Regard sur le monde

Jean-Pierre Han

7 octobre 2015

in Critiques

Paradis, impressions par Lucie Valon et Christophe Giordano. Théâtre Paris-Villette jusqu'au 10 octobre à 20 heures. Tél. : 01 40 03 72 23.

Repris avec bonheur cette année, Paradis, impressions de Christophe Giordano et Lucie Valon a été créé il y a trois ans, en 2012 ; il mettait un terme à un cycle débuté en 2006 avec Dans le rouge, poursuivi avec Blank, soit les deux premières étapes d'un voyage calqué sur celui, lointain, de la Divine comédie de Dante. Un triptyque fulgurant qui se permettait, avec pudeur, impertinence et acuité, de parler du monde d'aujourd'hui : un véritable choc.

Parler de reprise à propos de Paradis, impressions n'est à vrai dire pas tout à fait juste, tant la personnalité de l'interprète, Lucie Valon, a en l'espace de si peu de temps mûri. La jeune femme a étoffé son jeu de manière incroyable. C'est d'ailleurs l'ensemble de sa trajectoire, sur un peu moins de dix ans qu'il faut considérer.
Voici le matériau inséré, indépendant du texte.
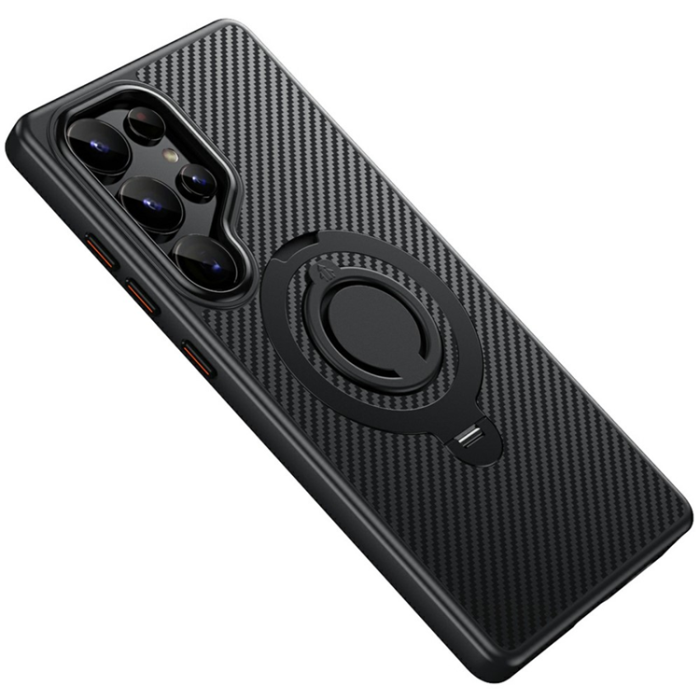 A-One Brand - Galaxy S25 Ultra Mobilskal MagSafe Carbon Fiber Kickstand - Svart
Dix ans à peine pour trouver ainsi son personnage de clown (apparemment gauche et maladroit et pourtant si touchant), ce n'est pratiquement… rien ! Tant l'élaboration d'un personnage demande persévérance, attention de tous les instants, maîtrise de l'art de l'esquive de toutes les embûches dressées sur son chemin. Tous les praticiens vous le diront qui ont mis des années et des années pour parvenir à leur fin, qui n'ont en fait jamais cessé leur vie durant de perfectionner leur art. À ce compte d'ailleurs Lucie Valon et Christophe Giordano ne mettent pas vraiment un terme à leur voyage dans la Divine comédie. Dante laissé au bord du chemin, ils élaboreront sans doute leur propre parcours, sur d'autres thématiques, ce sera leur propre divine comédie. Entre le spectacle de 2012 et celui d'aujourd'hui, il y a comme une différence de nature. Comédienne de talent, on a pu voir Lucie Valon avec le collectif F71, et plus récemment encore dans la Vie de Galilée de Brecht mise en scène par Jean-François Sivadier dans laquelle elle réalisait un étonnant numéro de clown certes (Brecht, rappelons-le, était un admirateur de Karl Valentin), mais interprétait aussi le rôle de la fille du savant. Ces expériences purement théâtrales ont nourri son personnage de clown. Le résultat est là, d'autant que son entente avec Christophe Giordano est à l'unisson, les deux complices sachant tirer le meilleur d'eux-mêmes. À l'heure des grandes – et parfois interminables – cérémonies théâtrales, le souhait que l'on peut émettre est de pouvoir assister intégralement au triptyque dans sa continuité. Sa véritable dimension se situe bien là.